A. Your proposal of applying G&A only to the first $20,000, though somewhat unusual, is not uncommon. I have a couple of clients (one large company who is CAS covered) who treat subcontract costs like you are proposing and the methodology was at first rejected but then accepted once it was carefully explained. The auditor is understandably reluctant because both the FAR and CAS clearly make the point that like costs incurred under similar circumstances must be treated consistently so, they conclude, subcontract costs must be treated consistently.  However, you will want to argue in a well thought out position paper that the subcontract costs are either not “like” or are not incurred under “similar” circumstances (e.g. administrative costs do not vary by dollar value) and that under current practices there is a cost allocation distortion. Your point about there being the same costs to administer subcontracts no matter their value is a strong argument for asserting there is not a “causal beneficial” relationship between the costs and final cost objectives. There are also probably some court cases and CAS guidance that would support your position.

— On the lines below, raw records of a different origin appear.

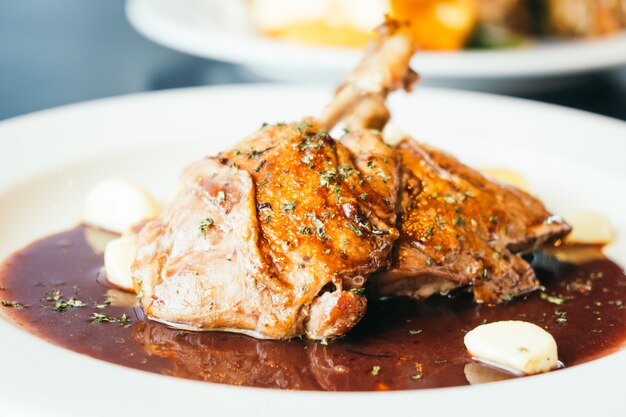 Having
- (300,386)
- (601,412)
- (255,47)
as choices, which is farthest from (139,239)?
(255,47)

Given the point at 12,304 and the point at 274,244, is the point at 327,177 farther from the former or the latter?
the point at 12,304

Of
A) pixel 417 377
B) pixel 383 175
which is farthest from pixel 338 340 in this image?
pixel 383 175

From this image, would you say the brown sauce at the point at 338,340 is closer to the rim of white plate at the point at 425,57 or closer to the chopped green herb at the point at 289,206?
the chopped green herb at the point at 289,206

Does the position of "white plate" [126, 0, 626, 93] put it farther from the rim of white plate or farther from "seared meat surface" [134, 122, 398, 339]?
"seared meat surface" [134, 122, 398, 339]

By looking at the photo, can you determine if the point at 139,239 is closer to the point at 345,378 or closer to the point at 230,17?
the point at 345,378

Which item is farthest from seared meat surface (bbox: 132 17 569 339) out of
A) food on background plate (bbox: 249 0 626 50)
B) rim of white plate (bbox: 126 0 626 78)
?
food on background plate (bbox: 249 0 626 50) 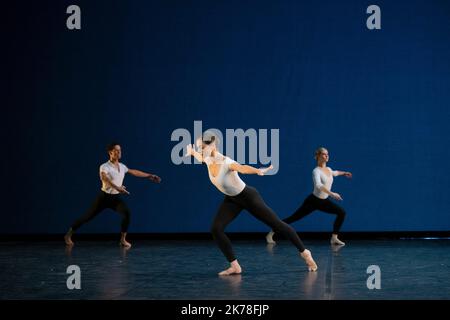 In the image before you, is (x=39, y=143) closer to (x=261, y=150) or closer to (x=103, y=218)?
(x=103, y=218)

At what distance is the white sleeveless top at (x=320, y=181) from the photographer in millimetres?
9445

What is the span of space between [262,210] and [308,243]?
3653 millimetres

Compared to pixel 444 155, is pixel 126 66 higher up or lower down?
higher up

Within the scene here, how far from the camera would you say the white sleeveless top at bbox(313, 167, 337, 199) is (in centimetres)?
945

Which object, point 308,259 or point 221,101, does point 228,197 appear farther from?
point 221,101

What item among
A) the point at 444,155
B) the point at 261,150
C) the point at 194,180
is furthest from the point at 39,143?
the point at 444,155

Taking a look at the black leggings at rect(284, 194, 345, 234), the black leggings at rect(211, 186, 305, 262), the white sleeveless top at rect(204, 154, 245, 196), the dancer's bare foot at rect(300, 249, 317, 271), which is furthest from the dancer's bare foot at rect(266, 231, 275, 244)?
the white sleeveless top at rect(204, 154, 245, 196)

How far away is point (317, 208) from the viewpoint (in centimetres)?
967

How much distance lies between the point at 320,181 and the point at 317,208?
434 millimetres

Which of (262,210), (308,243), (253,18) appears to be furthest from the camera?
(253,18)

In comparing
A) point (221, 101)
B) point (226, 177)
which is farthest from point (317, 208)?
point (226, 177)

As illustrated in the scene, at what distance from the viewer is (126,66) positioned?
1072 centimetres

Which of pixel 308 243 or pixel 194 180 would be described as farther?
pixel 194 180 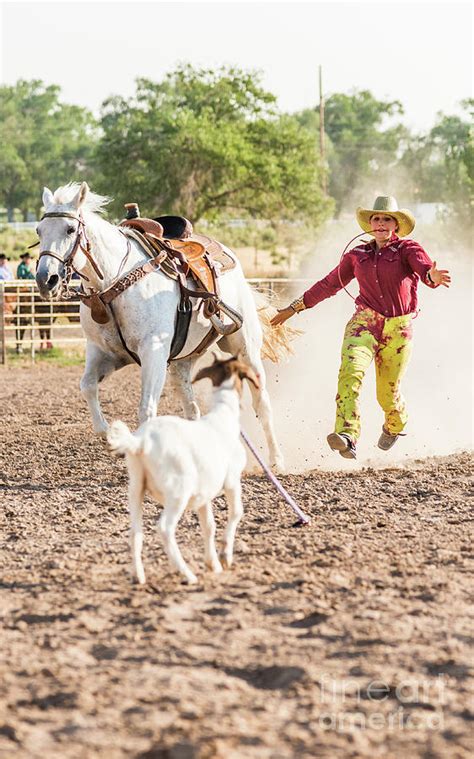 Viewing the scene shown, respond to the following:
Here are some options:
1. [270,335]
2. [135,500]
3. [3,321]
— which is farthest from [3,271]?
[135,500]

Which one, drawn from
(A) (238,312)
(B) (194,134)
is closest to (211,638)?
(A) (238,312)

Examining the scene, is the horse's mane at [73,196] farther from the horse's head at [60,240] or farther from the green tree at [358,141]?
the green tree at [358,141]

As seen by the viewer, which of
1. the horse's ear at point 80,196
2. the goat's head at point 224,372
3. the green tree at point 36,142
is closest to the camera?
the goat's head at point 224,372

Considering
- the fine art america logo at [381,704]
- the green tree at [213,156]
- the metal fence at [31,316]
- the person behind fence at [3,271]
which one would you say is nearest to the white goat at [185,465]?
the fine art america logo at [381,704]

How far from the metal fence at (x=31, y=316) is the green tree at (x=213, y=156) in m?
22.5

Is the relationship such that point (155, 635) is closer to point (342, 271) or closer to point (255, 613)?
point (255, 613)

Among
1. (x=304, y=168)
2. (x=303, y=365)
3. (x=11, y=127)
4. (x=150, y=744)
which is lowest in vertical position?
(x=150, y=744)

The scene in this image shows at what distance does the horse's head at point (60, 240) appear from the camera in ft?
24.2

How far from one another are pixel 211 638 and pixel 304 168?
4308cm

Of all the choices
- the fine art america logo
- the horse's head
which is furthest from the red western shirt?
the fine art america logo

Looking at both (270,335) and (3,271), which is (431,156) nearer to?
(3,271)

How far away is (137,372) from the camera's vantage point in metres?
19.1

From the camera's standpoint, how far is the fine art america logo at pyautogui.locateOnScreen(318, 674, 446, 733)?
11.7 ft

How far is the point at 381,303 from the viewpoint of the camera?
8141 millimetres
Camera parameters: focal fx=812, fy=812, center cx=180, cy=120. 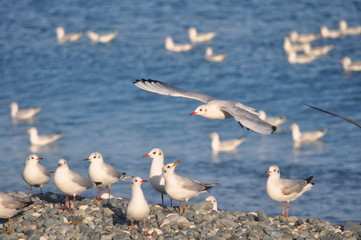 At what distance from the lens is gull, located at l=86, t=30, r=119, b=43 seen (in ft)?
85.3

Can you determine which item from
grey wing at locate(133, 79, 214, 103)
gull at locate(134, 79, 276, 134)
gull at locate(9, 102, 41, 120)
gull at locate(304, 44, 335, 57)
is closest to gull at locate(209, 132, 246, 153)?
gull at locate(134, 79, 276, 134)

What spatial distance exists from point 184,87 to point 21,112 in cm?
474

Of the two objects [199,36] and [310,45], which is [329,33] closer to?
[310,45]

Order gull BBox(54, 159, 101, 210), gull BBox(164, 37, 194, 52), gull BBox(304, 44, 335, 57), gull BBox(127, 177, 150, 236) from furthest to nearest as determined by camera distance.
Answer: gull BBox(164, 37, 194, 52), gull BBox(304, 44, 335, 57), gull BBox(54, 159, 101, 210), gull BBox(127, 177, 150, 236)

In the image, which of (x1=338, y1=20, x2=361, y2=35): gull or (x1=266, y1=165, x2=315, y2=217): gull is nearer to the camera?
(x1=266, y1=165, x2=315, y2=217): gull

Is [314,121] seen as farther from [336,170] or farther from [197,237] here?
[197,237]

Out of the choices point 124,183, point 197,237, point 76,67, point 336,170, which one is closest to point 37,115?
point 76,67

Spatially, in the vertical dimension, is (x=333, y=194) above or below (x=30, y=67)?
below

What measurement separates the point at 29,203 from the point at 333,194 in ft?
17.4

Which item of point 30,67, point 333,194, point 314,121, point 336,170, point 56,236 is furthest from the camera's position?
point 30,67

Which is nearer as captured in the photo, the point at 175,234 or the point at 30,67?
the point at 175,234

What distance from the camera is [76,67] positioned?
23.4 metres

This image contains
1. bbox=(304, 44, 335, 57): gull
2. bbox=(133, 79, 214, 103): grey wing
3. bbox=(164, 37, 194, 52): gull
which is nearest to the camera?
bbox=(133, 79, 214, 103): grey wing

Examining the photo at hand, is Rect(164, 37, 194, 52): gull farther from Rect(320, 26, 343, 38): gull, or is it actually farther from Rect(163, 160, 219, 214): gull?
Rect(163, 160, 219, 214): gull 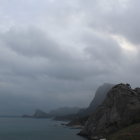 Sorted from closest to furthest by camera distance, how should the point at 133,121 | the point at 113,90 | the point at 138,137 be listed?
the point at 138,137
the point at 133,121
the point at 113,90

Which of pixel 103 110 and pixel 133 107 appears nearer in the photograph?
pixel 133 107

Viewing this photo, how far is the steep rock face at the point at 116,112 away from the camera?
163 meters

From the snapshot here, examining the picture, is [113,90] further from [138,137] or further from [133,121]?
[138,137]

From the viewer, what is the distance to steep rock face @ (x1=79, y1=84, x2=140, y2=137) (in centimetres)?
16300

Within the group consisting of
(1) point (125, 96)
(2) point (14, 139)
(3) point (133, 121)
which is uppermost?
(1) point (125, 96)

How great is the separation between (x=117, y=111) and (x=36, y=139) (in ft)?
141

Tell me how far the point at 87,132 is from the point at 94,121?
7501mm

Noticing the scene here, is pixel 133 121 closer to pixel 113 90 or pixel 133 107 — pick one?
pixel 133 107

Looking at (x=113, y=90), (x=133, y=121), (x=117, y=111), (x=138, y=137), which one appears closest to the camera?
(x=138, y=137)

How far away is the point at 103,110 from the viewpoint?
188 metres

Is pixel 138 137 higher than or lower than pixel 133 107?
lower

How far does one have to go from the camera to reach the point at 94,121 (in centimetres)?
18912

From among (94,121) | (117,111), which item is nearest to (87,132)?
(94,121)

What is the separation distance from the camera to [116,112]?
170750 mm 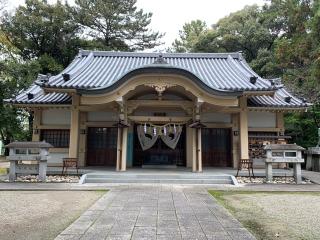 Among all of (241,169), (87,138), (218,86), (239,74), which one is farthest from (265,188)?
(87,138)

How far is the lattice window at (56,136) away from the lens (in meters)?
14.8

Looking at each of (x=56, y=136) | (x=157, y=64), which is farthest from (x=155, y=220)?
(x=56, y=136)

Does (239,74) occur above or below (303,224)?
above

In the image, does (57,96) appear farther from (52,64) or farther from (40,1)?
(40,1)

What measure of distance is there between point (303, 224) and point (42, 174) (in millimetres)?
8794

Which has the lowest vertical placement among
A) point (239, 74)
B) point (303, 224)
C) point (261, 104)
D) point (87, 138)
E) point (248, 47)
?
point (303, 224)

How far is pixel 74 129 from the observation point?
43.9ft

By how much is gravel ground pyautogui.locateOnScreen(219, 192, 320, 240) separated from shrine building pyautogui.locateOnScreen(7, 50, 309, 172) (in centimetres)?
447

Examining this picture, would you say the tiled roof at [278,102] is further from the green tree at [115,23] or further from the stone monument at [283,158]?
the green tree at [115,23]

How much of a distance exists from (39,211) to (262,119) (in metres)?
11.5

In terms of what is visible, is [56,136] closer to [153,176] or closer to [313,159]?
[153,176]

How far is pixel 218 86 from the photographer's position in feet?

Q. We are a mid-sized professional services firm and are considering creating a handling fee to apply to subcontracts but I am not very tempted to have a fee related to materials since we incur very little direct material costs and tracking indirect costs associated with materials seems unduly burdensome. I am thinking about just creating a subcontract handling but always see such a fee referred to as “material and subcontract handling.”  Can we cut out the material part?

A. There should be no problem creating a subcontract handling rate just as there should be no problem creating a material handling rate in a manufacturing setting.  Both are quite common. If you were CAS covered there might be a little more resistance since CAS 410 states G&A bases can be one of three things – total cost, value added (where material and subcontract costs are eliminated) or one representative cost element (e.g. labor). However, since you are not CAS covered, there should be more flexibility though the auditor may try to apply the more strict restrictions of CAS.

Q. If we create a subcontract handling pool, clearly the indirect costs that would now be identified as subcontract handling costs would be removed from the G&A pool.  Would the G&A base continue to be total cost input (which now includes the subcontract handling cost)? Our DCAA auditor said:
“A separate pool could be established by the costs being charged would have to be carefully tracked to the pool.  You would have to establish separate indirect charge codes and then demonstrate that the costs were actually for the subcontract effort, not some other indirect cost. In addition, the total would still wrap into the G&A base for allocation so I’m not sure that it would benefit you.”

A. Though the auditor offers some good advice on tracking the pool costs I would disagree with the auditor’s assertion that the subcontract handling pool costs must be included in the G&A base. Though that is one possible treatment, separating the handling pool and base from the G&A pool and base is also acceptable (and even more common) where now the G&A base becomes a value added rather than total cost input base. If the auditor still insists I would raise the issue with the branch manager.